“Sejak 2018 berbagai bentuk kekerasan seperti penganiayaan berat, penusukan, hingga pembunuhan telah terjadi. Korbannya antara lain almarhum Kiai Umar Basri, pengasuh ponpes Al Hidayah Bandung yang dianiaya oleh ODGJ. Kemudian almarhum Syaikh Ali Jaber yang ditusuk saat menyampaikan tausiyah di Lampung. Dan belum lama ini, Ketua MUI Labuhanbatu Utara juga ditemukan tewas lantaran dibunuh tetangganya sendiri karena sakit hati dinasihati,” ujarnya.
Kekerasan yang menimpa tokoh agama menjadi bukti bahwa kelompok sosial ini merupakan kelompok yang rentan.
Padahal, menurutnya tokoh agama sangat membantu tugas pemerintah dalam menyadarkan masyarakat pada setiap kebijakan.
“Tokoh agama mengemban tugas yang mulia sekaligus berisiko di tengah masyarakat. Keberadaan mereka menjadi vital dalam membantu negara melaksanakan tanggung jawabnya untuk membentuk warga negara yang beriman, bertakwa, dan berakhlak mulia,” tuturnya.
Meski demikian, ia menyadari bahwa kedudukan tokoh agama memang penuh risiko lantaran mengemban tugas yang sensitif di tengah masyarakat Indonesia yang heterogen.

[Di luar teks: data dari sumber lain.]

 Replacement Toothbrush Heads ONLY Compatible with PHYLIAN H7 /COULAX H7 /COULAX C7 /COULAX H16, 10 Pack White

Maka dari itu, ia berpendapat bahwa diperlukan perangkat hukum Lex Specialis untuk memberikan perlindungan yang komprehensif dan sistematis bagi tokoh agama.
“Apakah kita tidak resah dengan kekerasan yang terus berulang? Teror ini harus dihentikan. Insiden belakangan ini semestinya membuat kita mulai berpikir pada usaha pencegahan yang bersifat sistematis dan komprehensif. Karena itu, saya mendorong agar pembahasan RUU Perlindungan Tokoh Agama dan Simbol Agama bisa segera dilakukan di parlemen.” tuturnya.
Sebelumnya, telah terjadi penembakan yang menewaskan seorang ustaz di Kelurahan Kunciran, Kecamatan Pinang Kota Tangerang oleh Orang Tak Dikenal (OTK).